Awesome. I'll have to look up getting one of these in the UK. I'm just about to head there for a student exchange. My university has a partner university there, which means that I am enrolled at my own university, get to pay fees as if they were to my own university (Rather than international student fees, which are far higher), which can be put on my interest-free student loan, I have a chance of getting my airfares paid back in full or in part through the exchange programme's travel grant, and I am eligible to receive Student Allowance (a weekly amount for living costs that I don't have to pay back) as if I were still studying in New Zealand. A pretty Mustachian way to spend five months on the other side of the world, and I have friends there that I can spend the Christmas holidays with.
But the student accommodation has coin-operated washing machines and dryers, so I've been looking up ways to do my own washing by hand. The private washbasin that we get in our dorm rooms would probably work for delicates (no idea why I'd need a private washbasin, but they didn't allocate me a room without one, and it's less silly than a full, space-eating tiny ensuite that I'd have to maintain myself, which was the other option) but I needed to figure out what to do with larger items.

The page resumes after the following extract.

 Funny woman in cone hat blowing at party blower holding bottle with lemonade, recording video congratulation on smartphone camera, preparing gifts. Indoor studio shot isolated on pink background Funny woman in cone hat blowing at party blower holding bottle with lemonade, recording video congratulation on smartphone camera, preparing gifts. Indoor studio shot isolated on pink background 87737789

Also, I have read that baking soda can be used as washing powder, I think mixed with powdered washing soap. We have a newspaper columnist who uses baking soda and vinegar for almost all of her household cleaning needs, including haircare (replaces shampoo with baking soda, conditioner with diluted white vinegar in a spray bottle). Apparently there is very little that those two things can't clean, and you can buy them in bulk. She compiled a lot of her old columns into a book, called Pig Tits and Parsley Sauce, which was I think my introduction to a Mustachian way of thinking and doing things.